The Senate has approved must-do legislation to fund the day-to-day budgets of five Cabinet agencies, kick-starting long overdue work to add the details to budget limits agreed to by President Barack Obama and congressional Republicans this summer.
The bipartisan 69-30 vote came on a $182 billion bundle of three bills to fund programs including transportation, space exploration, housing subsidies and the FBI for the 2012 budget year that started a month ago.
Under the budget pact enacted in August, lawmakers have to cut about $7 billion — or less than 1 percent — from the more than $1 trillion budgeted last year for the daily operations of federal agencies. Such cuts are too small for tea party conservatives but would come in addition to savings from benefit programs like farm subsidies and Medicare expected from a deficit "supercommittee" later this month.

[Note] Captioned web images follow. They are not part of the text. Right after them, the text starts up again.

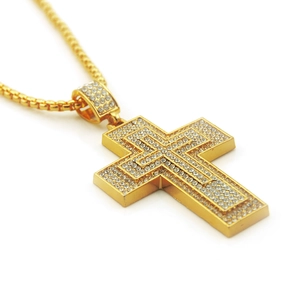 Detail of gold double-layered iced out cross pendant with sparkling crystals on box chain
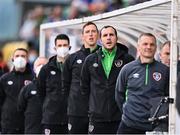 8 October 2021; Republic of Ireland Assistant manager John O'Shea, second from right, Republic of Ireland manager Jim Crawford, right, and members of the backroom staff stand for Amhrán na bhFiann before the UEFA European U21 Championship Qualifier match between Republic of Ireland and Luxembourg at Tallaght Stadium in Dublin. Photo by Sam Barnes/Sportsfile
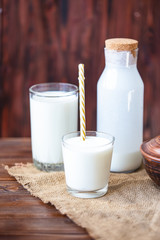 Homemade kefir, yogurt with probiotics in a glass on table Probiotic cold fermented dairy drink Trendy food and drink Copy space Rustic style.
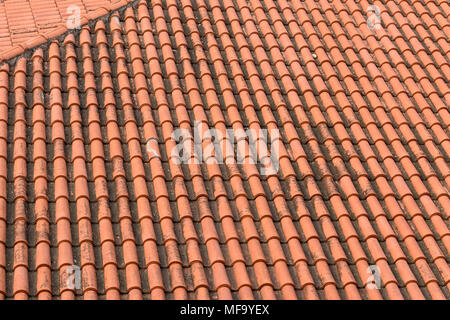 Vista superiore della vecchia e argilla spiovente tetto di tegole, pattern di piastrelle di colore arancione Foto Stock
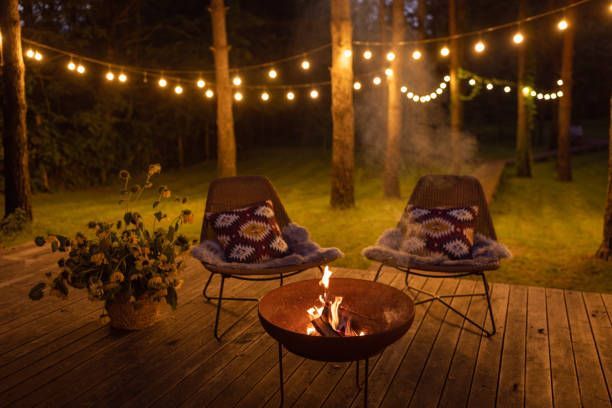 Two chairs with patterned pillows face a fire pit on a wooden deck under string lights in a forest at night.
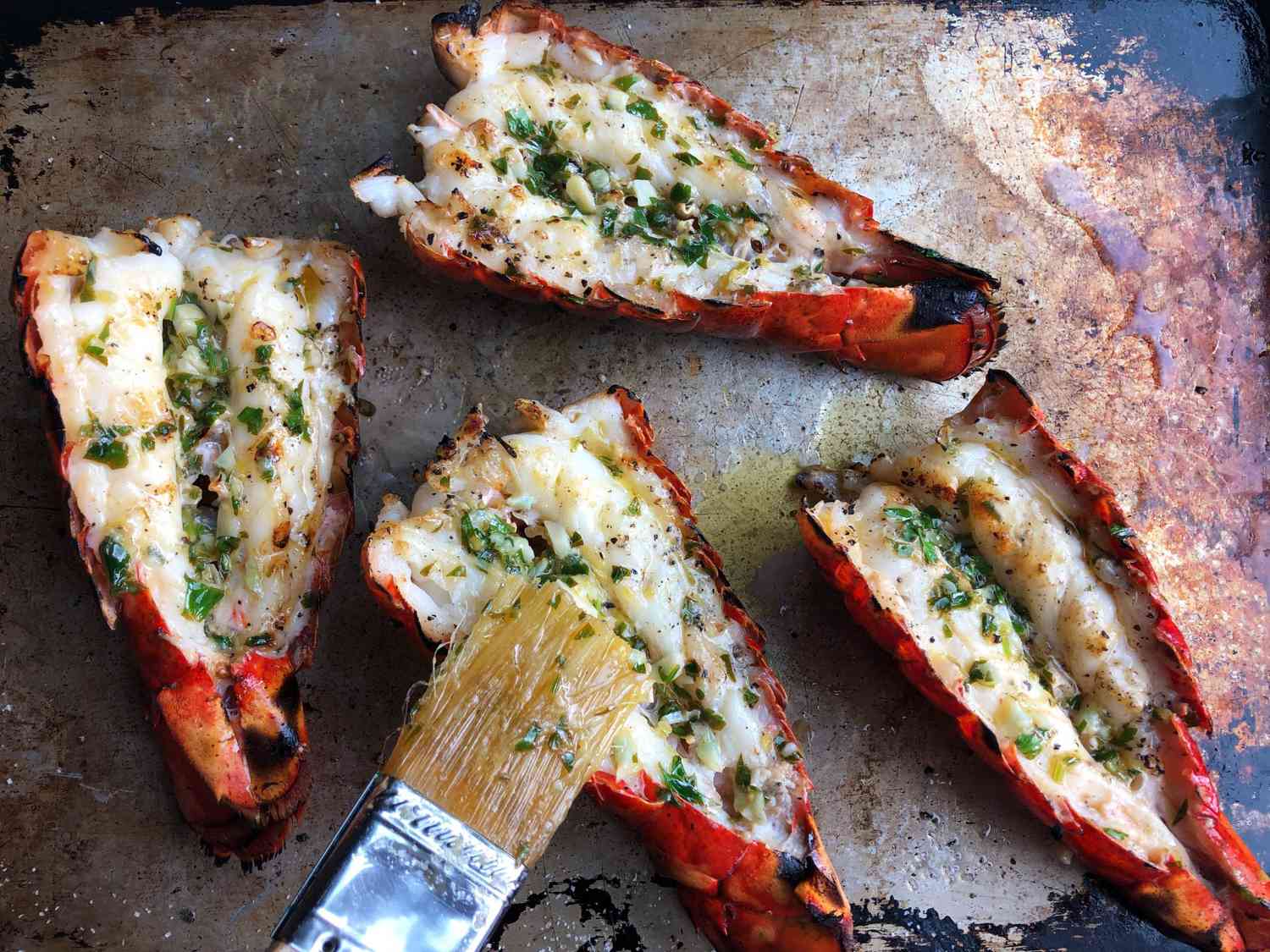 garnishing grilled lobster tails with garlic butter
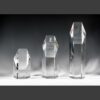 Crystal trophy awards made of clear geometric glass, with engraved Natalie Crystal Award for corporate or employee recognition.
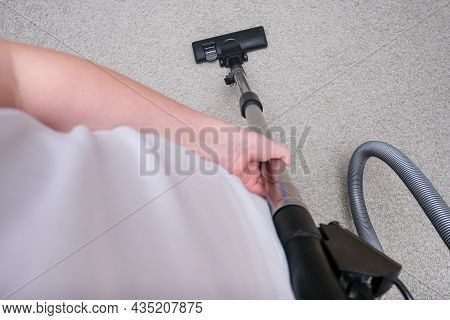 A Person Vacuuming The Carpet In The House, Cleaning Rug With The Vac Concept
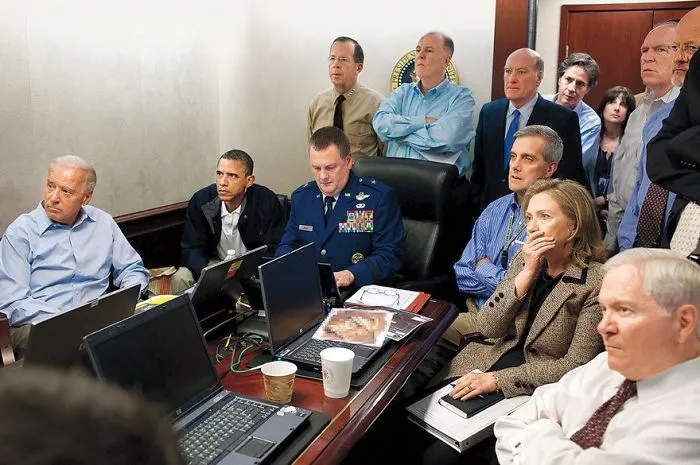 Famous historical photo of a group intently watching a monitor in a conference room, including military and civilian officials.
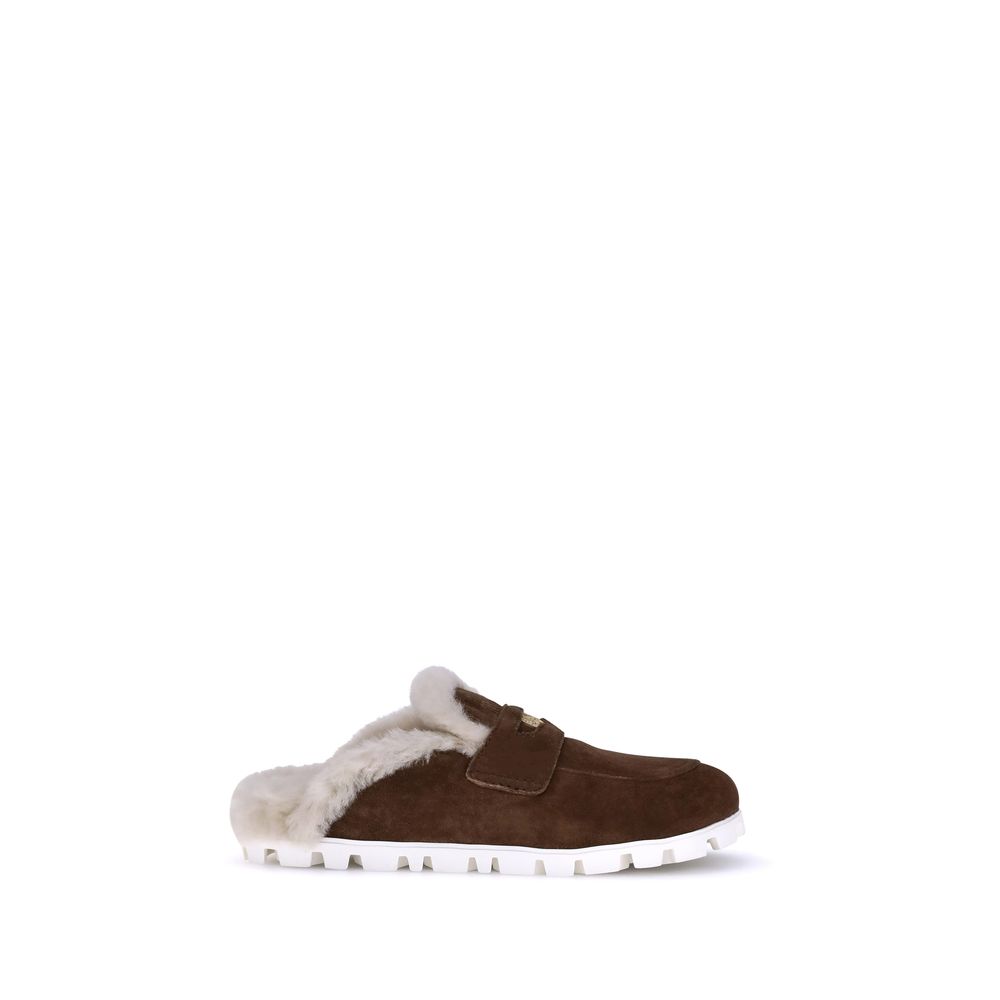 Mules en peau lainée Miu Miu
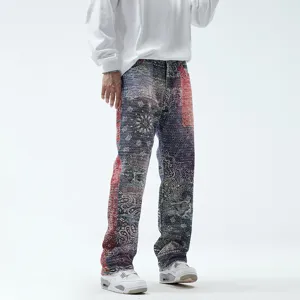 Men's loose straight fit casual jeans featuring stylish all-over paisley patchwork print.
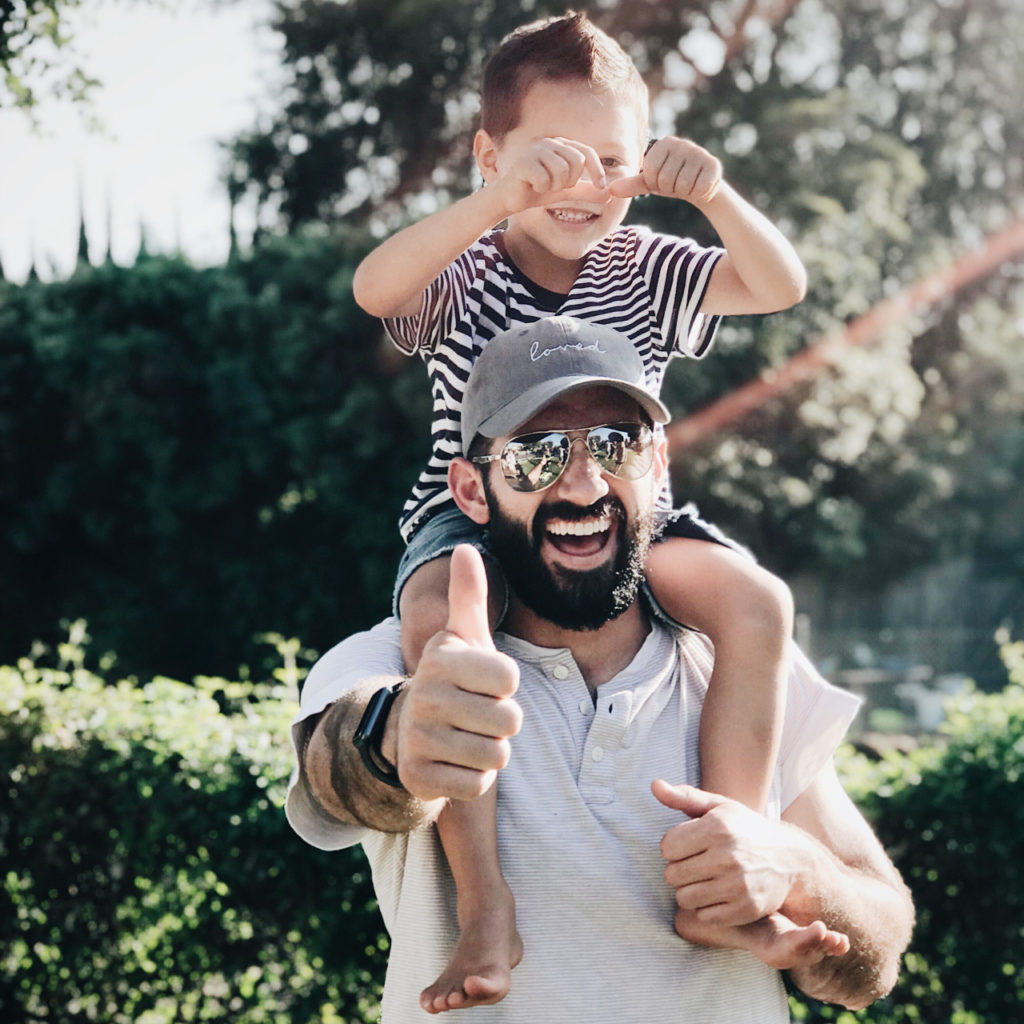 a man with his son on top of his shoulders giving a thumbs up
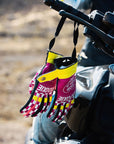 Ride like a Girl pink, black and yellow women's motorcycle gloves from eudoxie hanging on a motorcycle 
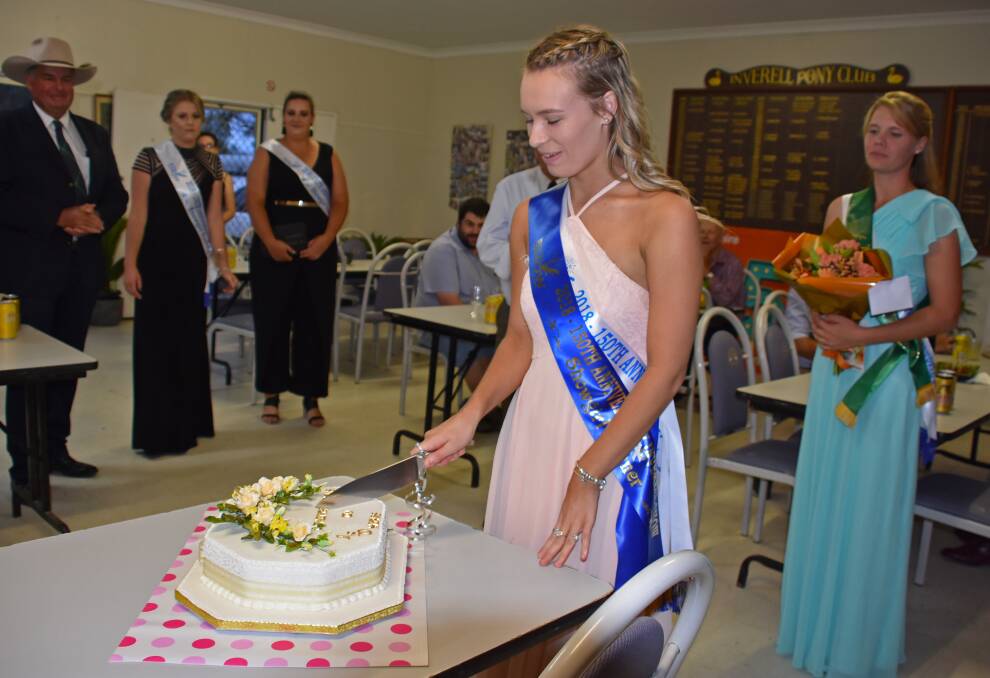 Gaby Watkins cuts a cake to celebrate 150 years of the Inverell Show. 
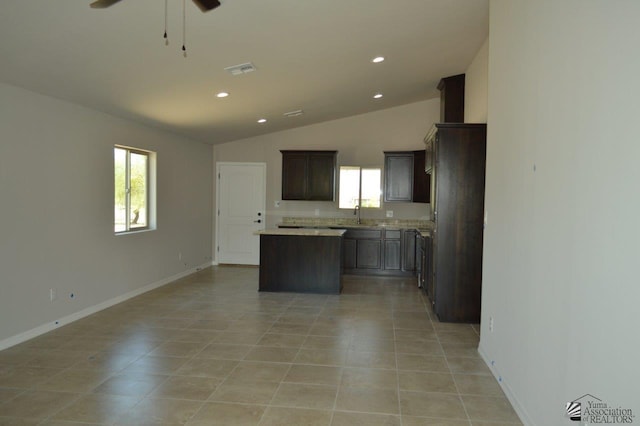 13132 E 55th Ln, Yuma, AZ 85367 - kitchen featuring a center island, lofted ceiling, ceiling fan, light tile patterned floors, and recessed lighting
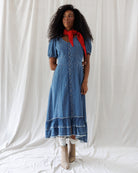 A woman stands against a white draped fabric backdrop wearing a short-sleeve blue denim midi dress with a button front, a red neck scarf, white tights, and beige ankle boots.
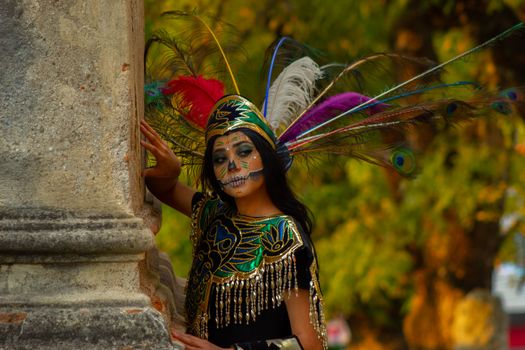 A woman dressed as Catrina with vibrant makeup and feathered headdress in a natural setting.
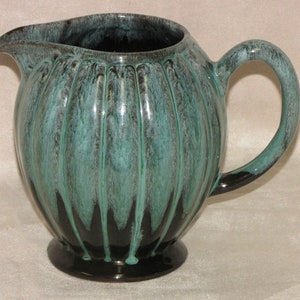 May include: A green and black ceramic jug with a rounded body and a ribbed design. The jug has a wide spout and a handle.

The budget limits, however, mean large cuts to programs like community development grants to local governments and subsidies for cities and towns for new equipment and less for the hiring of additional police officers. Highway funding would be held at last year's levels, save for $1.9 billion in emergency help for states to rebuild from natural disasters.
Overall, the legislation holds agency budgets like the FBI and the U.S. Marshals Service mostly flat relative to last year. The retirement of the Space Shuttle allowed NASA to absorb a cut of $509 million, or 3 percent, while Section 8 housing subsidies for the poor would get a $663 million increase, or about 2 percent.